Archive for the ‘Estate Planning’ Category

California Probate: Value of Assets

Tuesday, October 9th, 2012

What is the value of your estate?  Most people consider an estate, millions of dollars or the large home only celebrities can afford.  In reality, people with fairly modest homes and money in the bank have an “estate’ large enough to cause their assets to be susceptible to the rules of Probate Court.   In California a new law was passed in 2012 providing a new minimum value of assets to warrant formal Probate.  The law changed the minimum value of $100,000 to $150,000.   This means that if the total value of your assets is less than $150,000 your estate does not need to go through formal Probate involving the Court.  Instead, assets can be transferred informally by creating an Affidavit.  However, if your assets are valued at $150,000 or greater, a formal Probate may be required to transfer assets upon death.

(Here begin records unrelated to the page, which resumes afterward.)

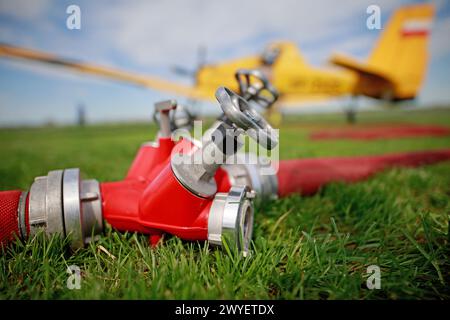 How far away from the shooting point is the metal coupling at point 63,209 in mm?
923

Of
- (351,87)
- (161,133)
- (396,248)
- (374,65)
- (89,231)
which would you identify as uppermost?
(374,65)

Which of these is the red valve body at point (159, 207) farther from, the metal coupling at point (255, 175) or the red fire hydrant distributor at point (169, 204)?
the metal coupling at point (255, 175)

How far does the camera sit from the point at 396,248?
1.10m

Let’s say Mom and Dad, own their home with a mortgage amount of $250,000 but if the home was sold, it would be valued at $350,000.  Some may think that the total asset is valued at $100,000.  For purposes of Probate, we use the fair market value or $350,000 in our example.   Assuming Mom and Dad were to die in an accident without an estate plan, the home valued at $350,000 would cause a formal Probate since it exceeds the $150,000 rule.  The ordinary fees allowed to the attorney and personal representative handling the Probate for a single home valued at $350,000 would be $10,000.  Extraordinary fees and other costs may apply in order to finalize the Probate.

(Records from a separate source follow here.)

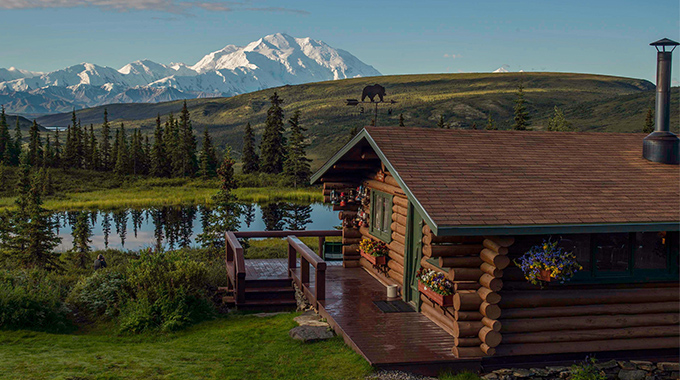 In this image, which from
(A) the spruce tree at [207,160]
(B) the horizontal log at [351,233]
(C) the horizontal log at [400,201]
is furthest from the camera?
(A) the spruce tree at [207,160]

Let’s assume that Mom and Dad also had the following additional assets:  $5,000 in a checking account, $50,000 in savings, $100,000 held in a Certificate of Deposit and 2 cars valued at $30,000.  With these additional assets the total estate would be valued at $535,000.  The ordinary fees to the attorney and personal representative handling the Probate are now $13,700.  Extraordinary fees and other costs may apply in order to finalize the Probate.

Whether your estate is valued at $150,000 to $10 million dollars, a  properly drafted estate plan can avoid formal Probate allowing peace of mind knowing a plan is in place should a tragedy occur.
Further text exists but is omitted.